___ Data shown ___

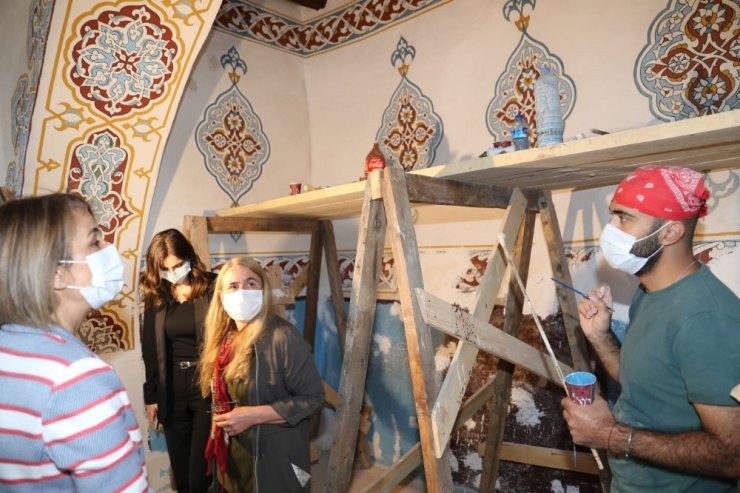 Vali Becel, Kadıncık Ana evinin restorasyonunu inceledi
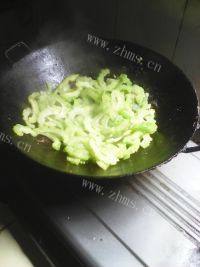 家常菜苦瓜炒鸡蛋做法图解5)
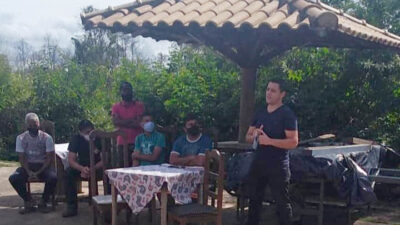 “Vereador presidente, Vetão, dialoga com moradores da Vista Alegre que ainda não têm energia elétrica em suas residências.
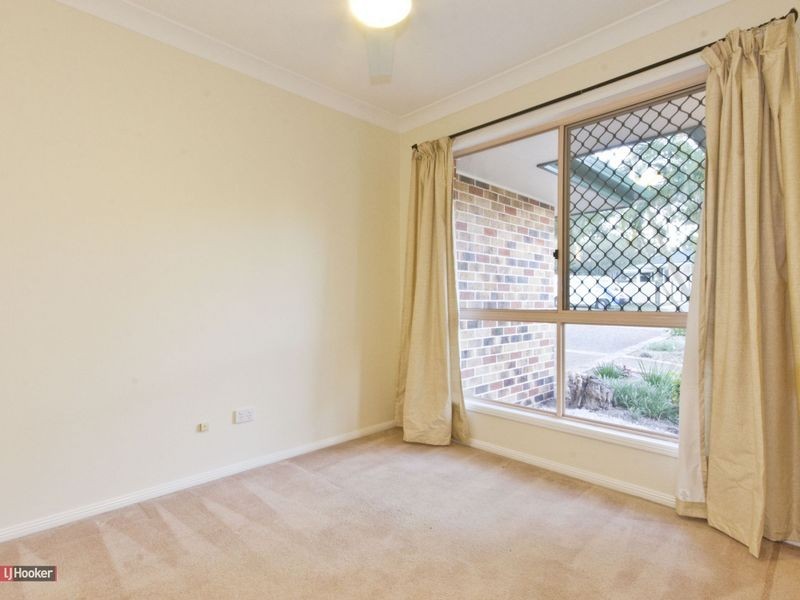 5 Scarlet Place, Forest Lake QLD 4078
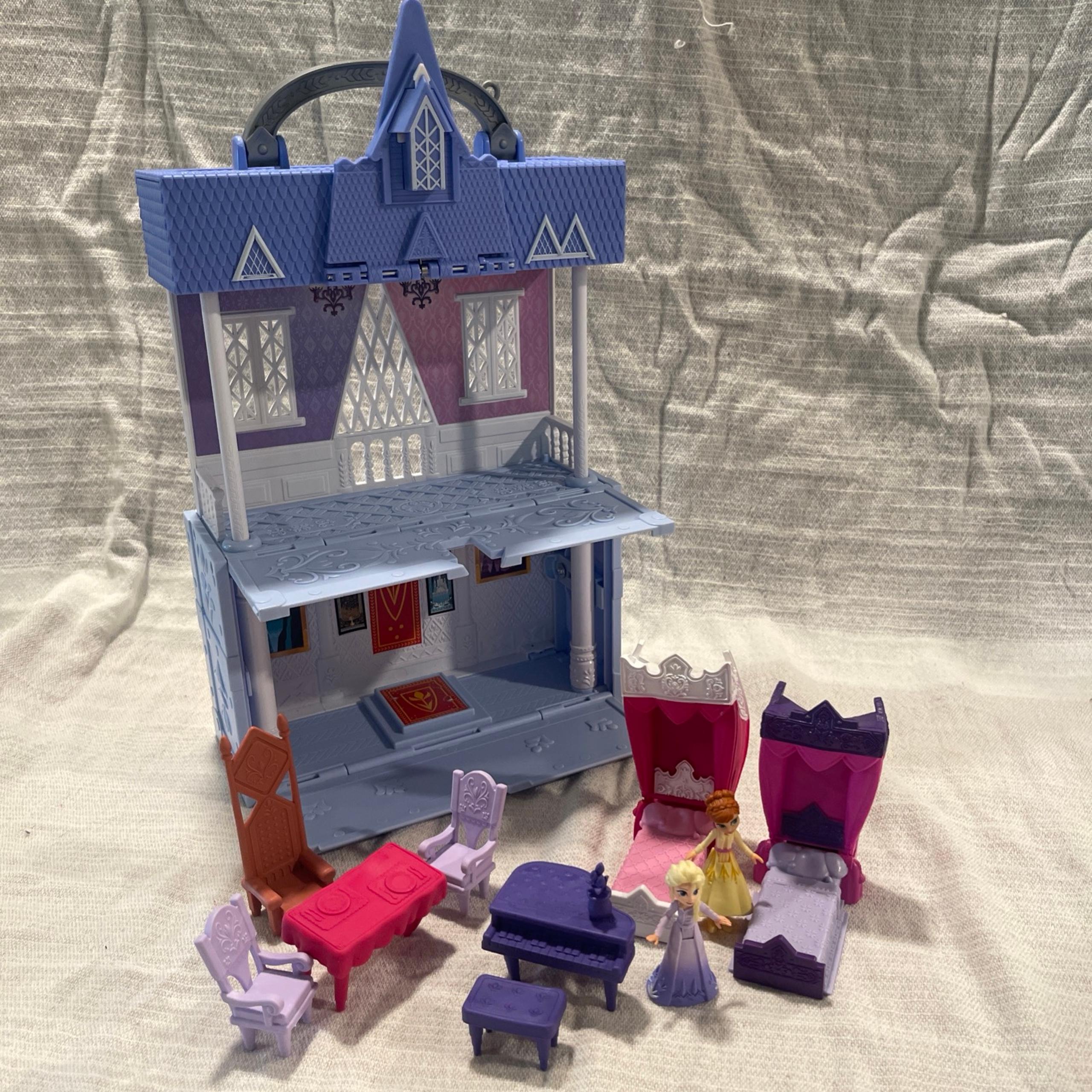 2018 Disney Frozen 2 ll Pop Up Adventures Arendelle Castle Dollhouse Playset lot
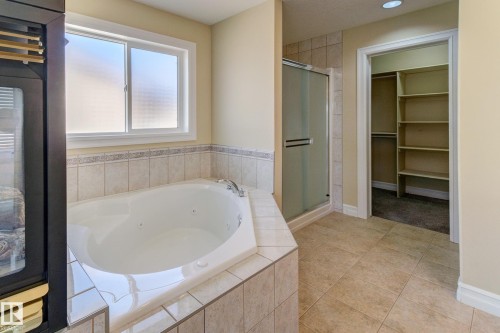 3621 28A Street, Edmonton, AB - Indoor Photo Showing Bathroom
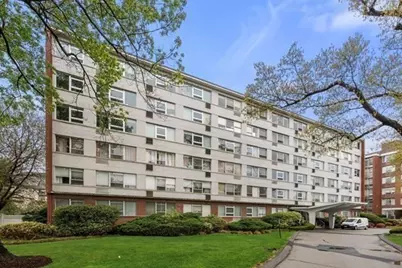 10 Hammond Pond Parkway #606, Newton, MA 02467 - Photo 2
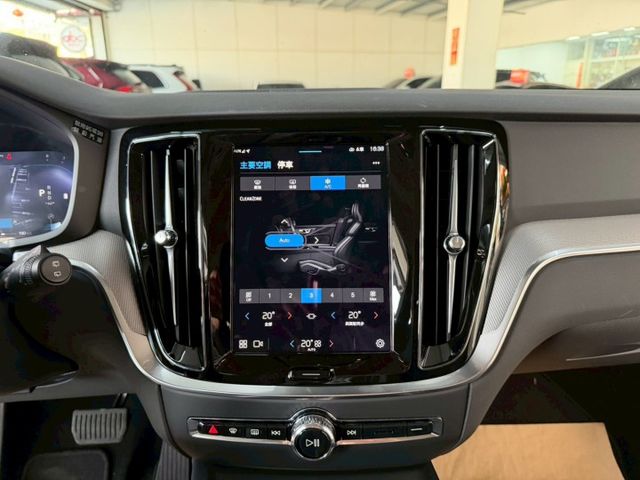 原廠保固 原版件 雙記憶椅/ACC/HUD/盲點/環景/HK音響/無線充電座/電尾門 (北安店)  第9張相片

___

● **Exercise objective**:
Would you set down the listing exactly, omitting pictures?

● **Reply to the task**:
 Vali Becel, Kadıncık Ana evinin restorasyonunu inceledi
 家常菜苦瓜炒鸡蛋做法图解5)
 “Vereador presidente, Vetão, dialoga com moradores da Vista Alegre que ainda não têm energia elétrica em suas residências.
 5 Scarlet Place, Forest Lake QLD 4078
 2018 Disney Frozen 2 ll Pop Up Adventures Arendelle Castle Dollhouse Playset lot
 3621 28A Street, Edmonton, AB - Indoor Photo Showing Bathroom
 10 Hammond Pond Parkway #606, Newton, MA 02467 - Photo 2
 原廠保固 原版件 雙記憶椅/ACC/HUD/盲點/環景/HK音響/無線充電座/電尾門 (北安店)  第9張相片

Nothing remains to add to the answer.